Material for the task section start

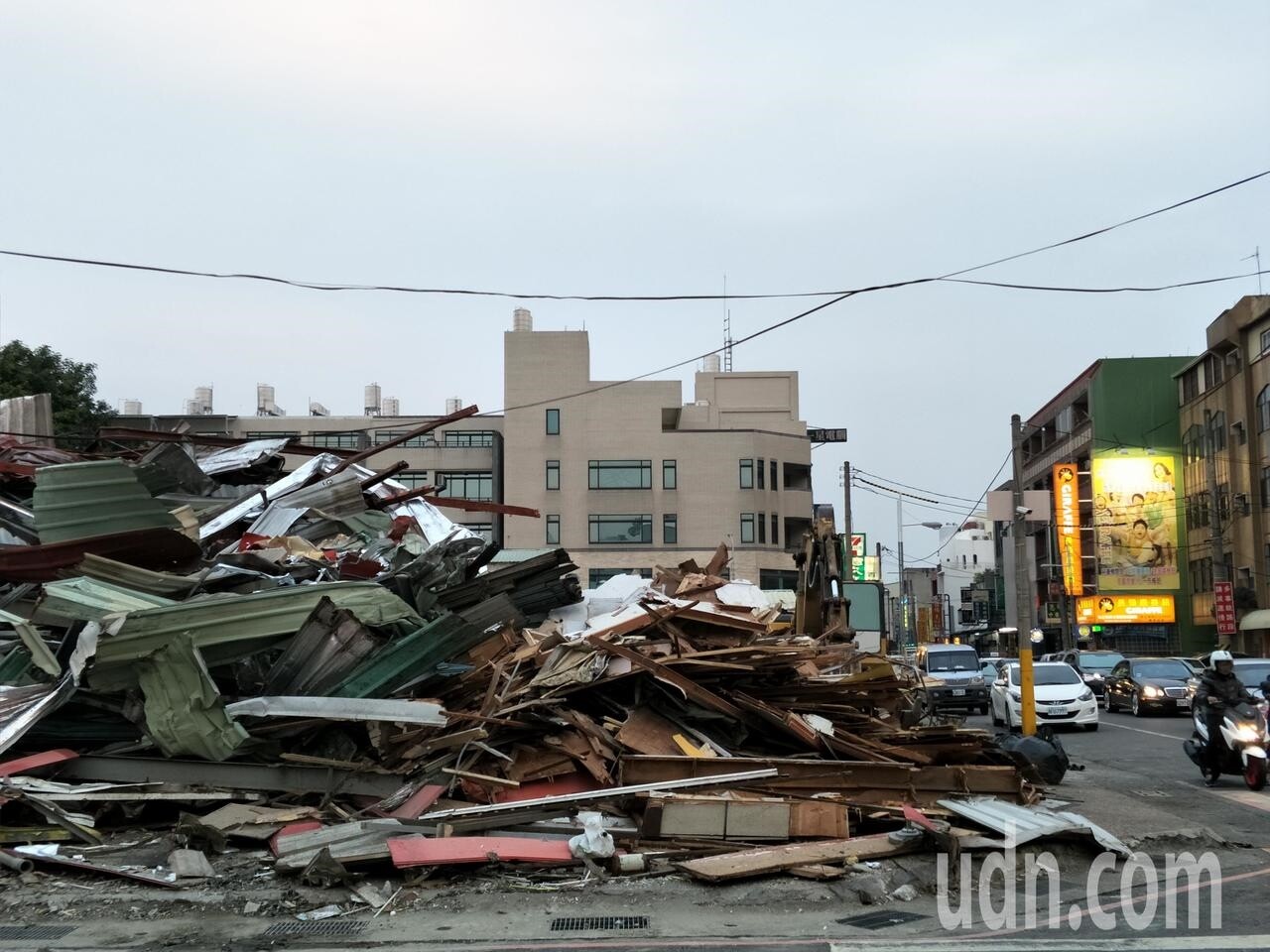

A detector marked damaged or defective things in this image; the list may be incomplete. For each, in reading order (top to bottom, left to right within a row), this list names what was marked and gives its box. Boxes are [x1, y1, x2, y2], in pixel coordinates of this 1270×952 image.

rusted metal beam [327, 404, 479, 477]
broken wooden board [681, 832, 919, 889]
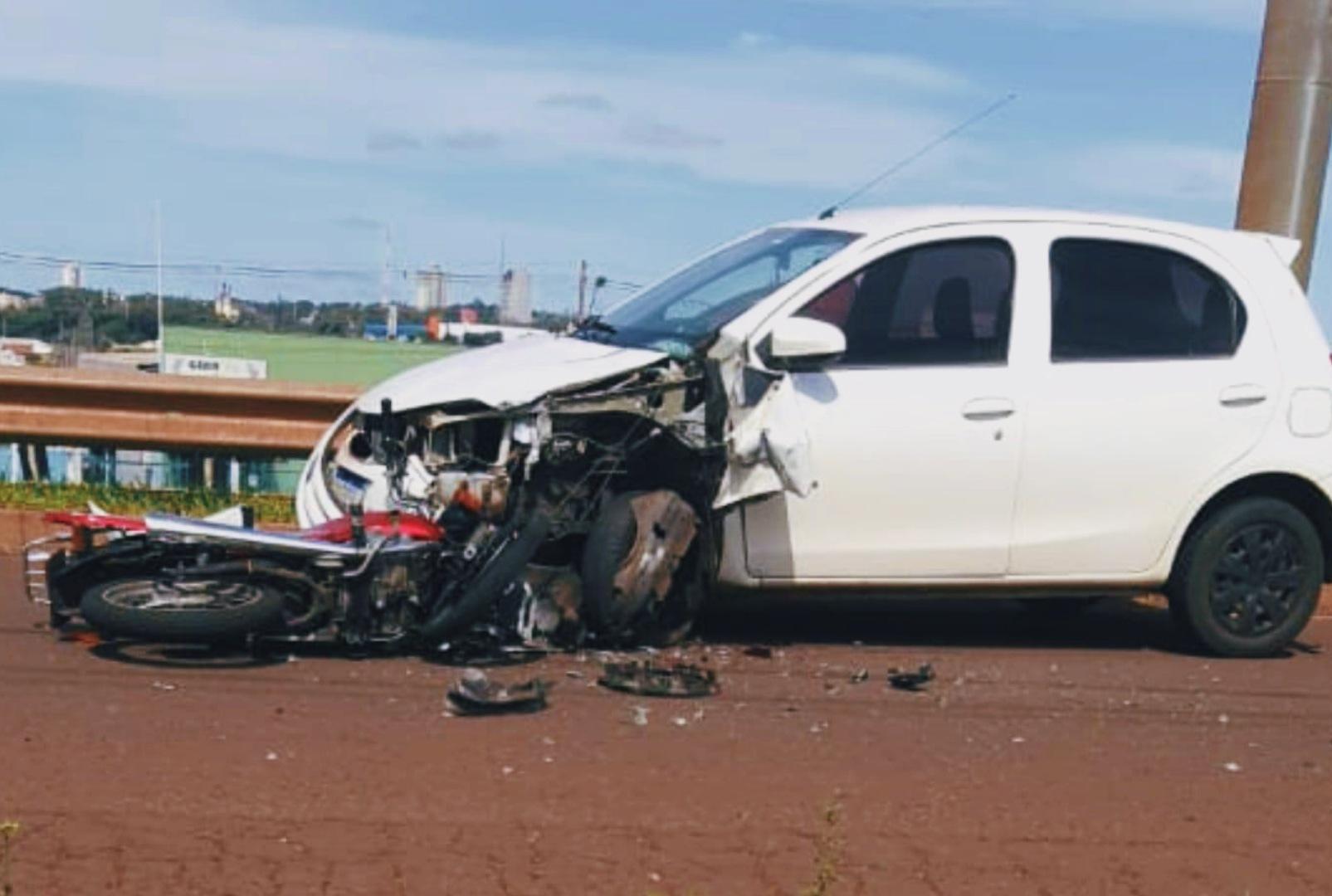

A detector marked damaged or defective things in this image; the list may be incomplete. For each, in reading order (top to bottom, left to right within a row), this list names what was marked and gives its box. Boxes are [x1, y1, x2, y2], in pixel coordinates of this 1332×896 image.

crushed car hood [355, 332, 674, 413]
crashed motorcycle [26, 395, 724, 654]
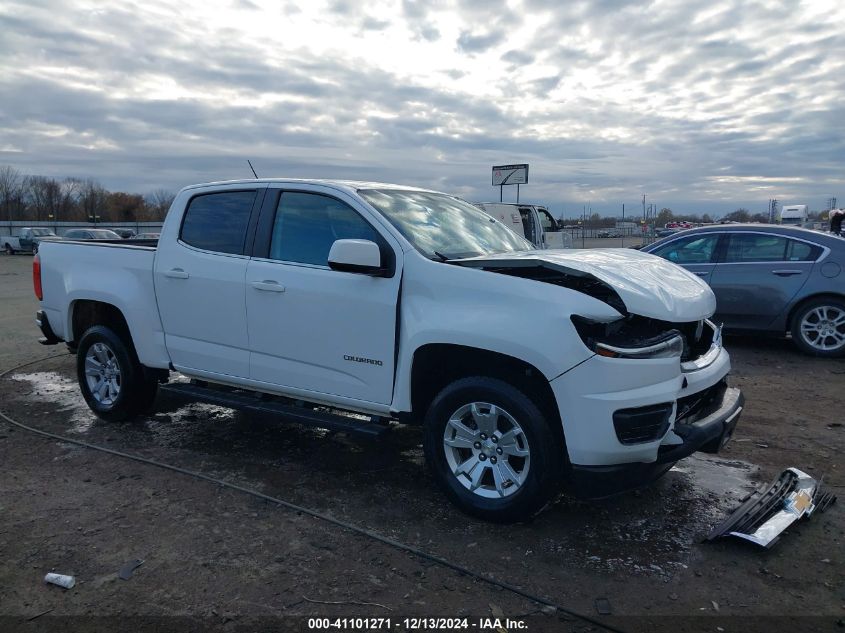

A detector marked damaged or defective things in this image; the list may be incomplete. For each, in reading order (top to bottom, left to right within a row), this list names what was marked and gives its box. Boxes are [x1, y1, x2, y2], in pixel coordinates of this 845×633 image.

crumpled hood [458, 248, 716, 320]
damaged front end [704, 466, 836, 544]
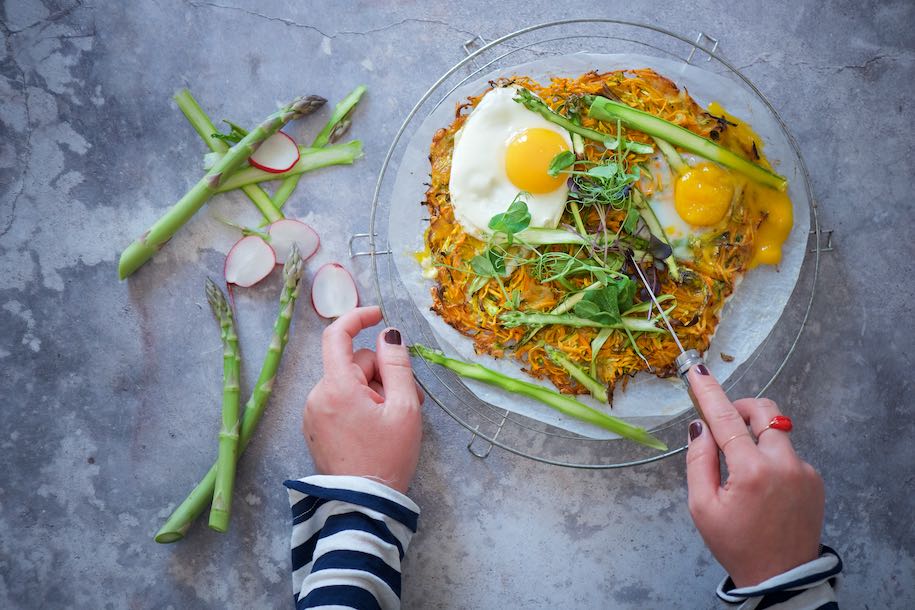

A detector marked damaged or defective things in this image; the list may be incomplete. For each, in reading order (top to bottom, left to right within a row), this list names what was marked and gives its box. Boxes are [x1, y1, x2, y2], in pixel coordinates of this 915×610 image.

crack in concrete [182, 0, 476, 40]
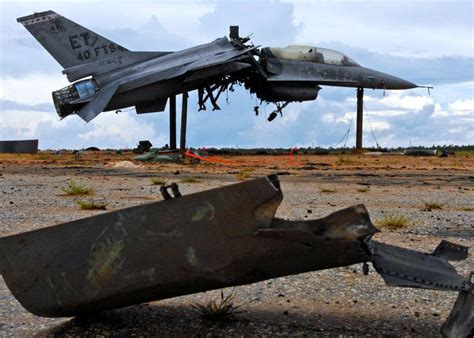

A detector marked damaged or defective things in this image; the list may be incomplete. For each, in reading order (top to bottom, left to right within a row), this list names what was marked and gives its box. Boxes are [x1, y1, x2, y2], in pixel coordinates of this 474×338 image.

damaged f-16b aircraft [0, 176, 470, 336]
broken aircraft panel [0, 176, 472, 336]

Material for the task section end

| What is needed |
Give the lines from the one containing "this 845×633 image." through the final line of the material again, exactly and in full, but without pictures.

| Output for this exercise |
A detector marked damaged or defective things in this image; the list may be incomplete. For each, in reading order (top to bottom, left to right within a row), this list names what was marked and gives its box. Boxes are [x1, y1, x2, y2], in pixel coordinates of this 845×633 image.

crumpled hood [458, 248, 716, 320]
damaged front end [704, 466, 836, 544]

A detector marked damaged or defective things in this image; the list may be incomplete. For each, in reading order (top to bottom, left to right within a row), this list names what was marked and gives its box. Boxes are [x1, y1, x2, y2], in pixel coordinates of this 915×610 image.

crack in concrete [182, 0, 476, 40]

A detector marked damaged or defective things in this image; the list may be incomplete. For each, in reading order (top to bottom, left to right within a row), this list names what was marked and gives its box. Boxes are [x1, y1, x2, y2], in pixel coordinates of this 474×338 image.

damaged f-16b aircraft [0, 176, 470, 336]
broken aircraft panel [0, 176, 472, 336]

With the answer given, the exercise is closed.